(Short text fragments from websites)
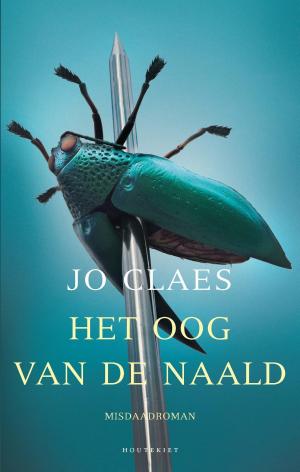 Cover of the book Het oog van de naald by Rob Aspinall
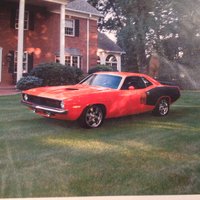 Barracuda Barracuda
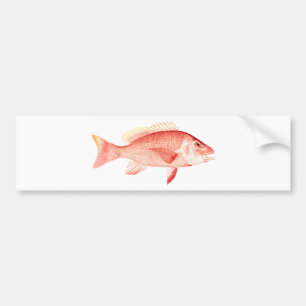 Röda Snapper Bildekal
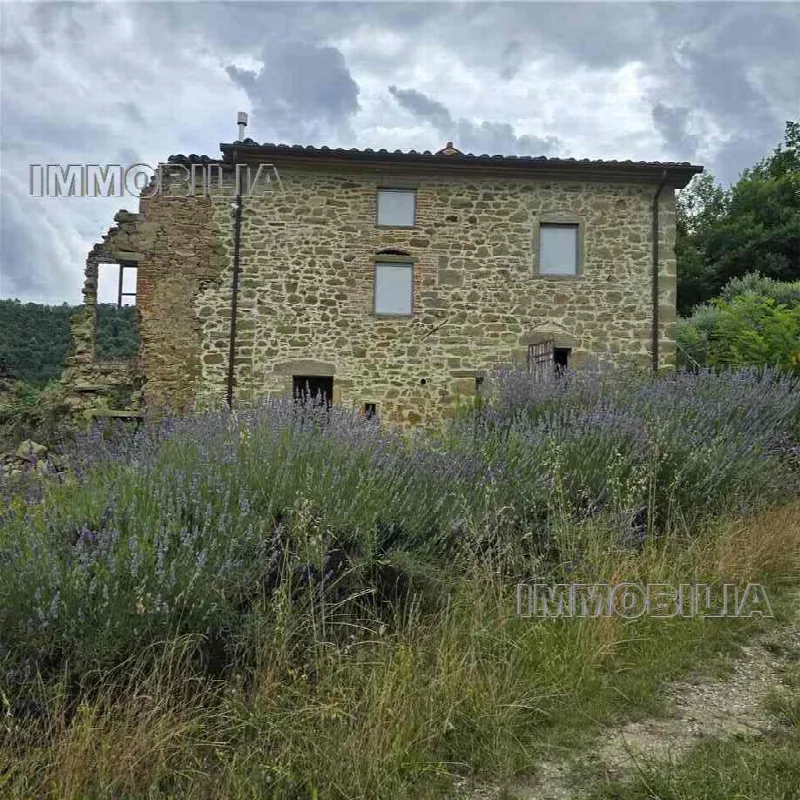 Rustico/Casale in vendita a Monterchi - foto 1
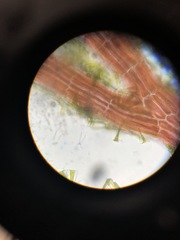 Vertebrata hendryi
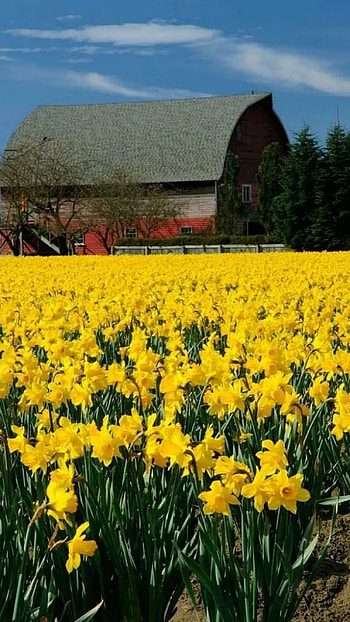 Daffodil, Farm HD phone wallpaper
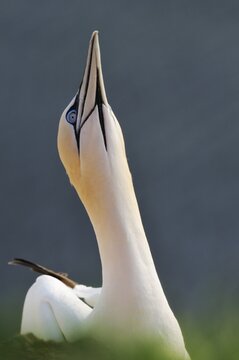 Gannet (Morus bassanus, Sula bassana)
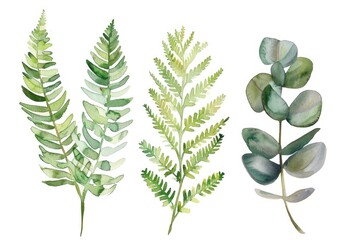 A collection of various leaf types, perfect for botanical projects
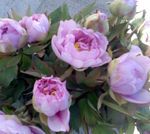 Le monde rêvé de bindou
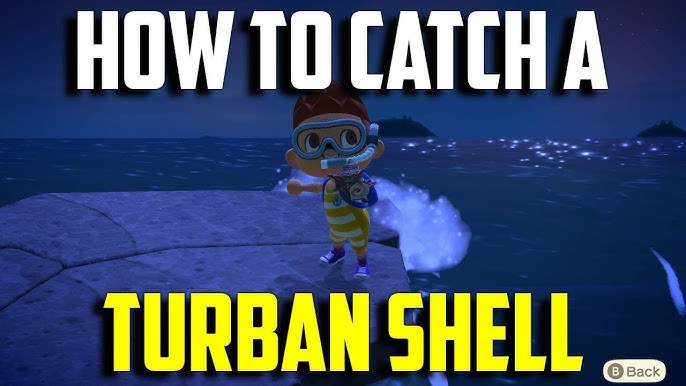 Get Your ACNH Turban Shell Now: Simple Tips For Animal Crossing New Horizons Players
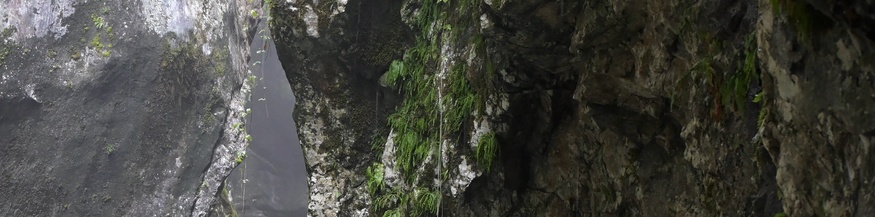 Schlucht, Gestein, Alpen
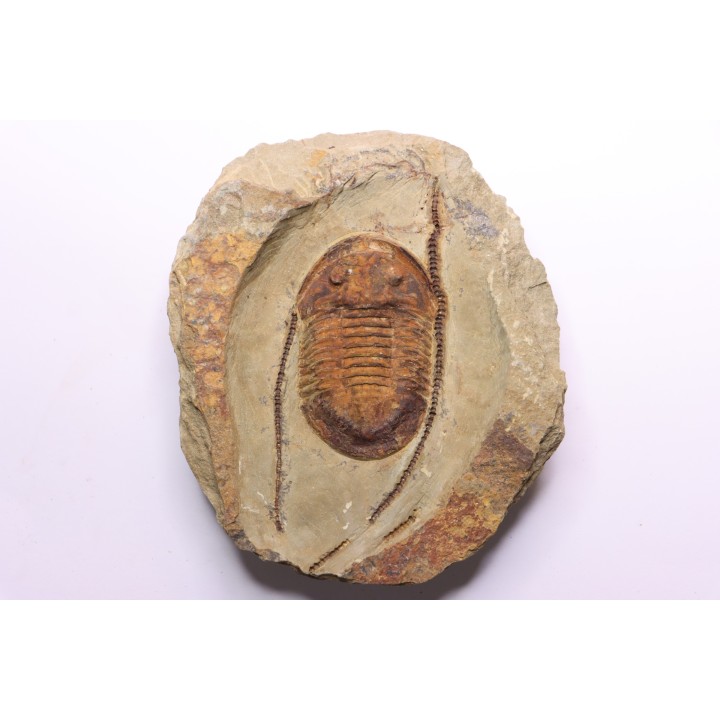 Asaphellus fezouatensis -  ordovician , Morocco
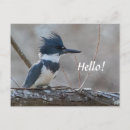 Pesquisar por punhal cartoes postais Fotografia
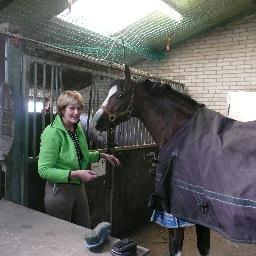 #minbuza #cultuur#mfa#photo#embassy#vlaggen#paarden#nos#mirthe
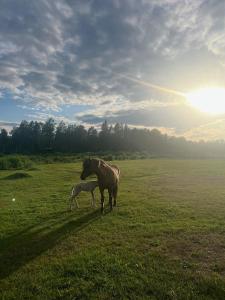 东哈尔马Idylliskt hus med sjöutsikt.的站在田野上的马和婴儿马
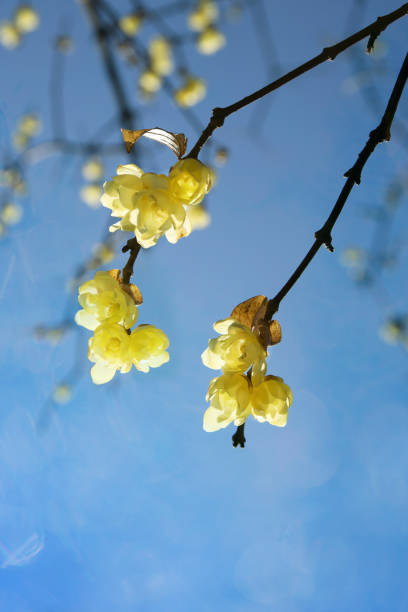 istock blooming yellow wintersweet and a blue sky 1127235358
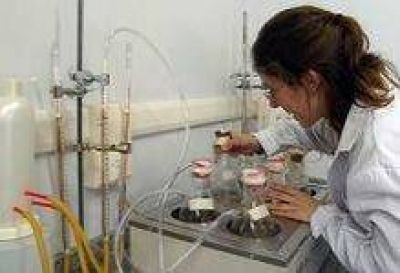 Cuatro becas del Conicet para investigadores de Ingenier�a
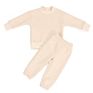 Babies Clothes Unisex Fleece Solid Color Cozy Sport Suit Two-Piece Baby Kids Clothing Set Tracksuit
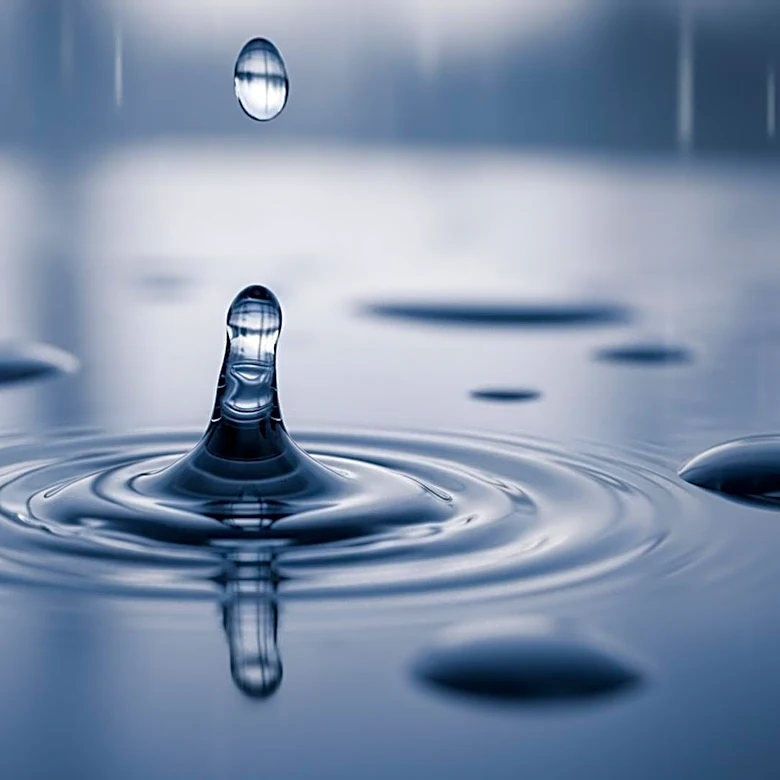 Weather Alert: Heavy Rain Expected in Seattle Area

• WORK TO COMPLETE: The lines from the one containing "Gannet (Morus bassanus, Sula bassana)" through the last line of the data above are to be transcribed exactly, both included, with all pictures left out.

• ANSWER TO THIS TASK:
 Gannet (Morus bassanus, Sula bassana)
 A collection of various leaf types, perfect for botanical projects
 Le monde rêvé de bindou
 Get Your ACNH Turban Shell Now: Simple Tips For Animal Crossing New Horizons Players
 Schlucht, Gestein, Alpen
 Asaphellus fezouatensis -  ordovician , Morocco
 Pesquisar por punhal cartoes postais Fotografia
 #minbuza #cultuur#mfa#photo#embassy#vlaggen#paarden#nos#mirthe
 东哈尔马Idylliskt hus med sjöutsikt.的站在田野上的马和婴儿马
 istock blooming yellow wintersweet and a blue sky 1127235358
 Cuatro becas del Conicet para investigadores de Ingenier�a
 Babies Clothes Unisex Fleece Solid Color Cozy Sport Suit Two-Piece Baby Kids Clothing Set Tracksuit
 Weather Alert: Heavy Rain Expected in Seattle Area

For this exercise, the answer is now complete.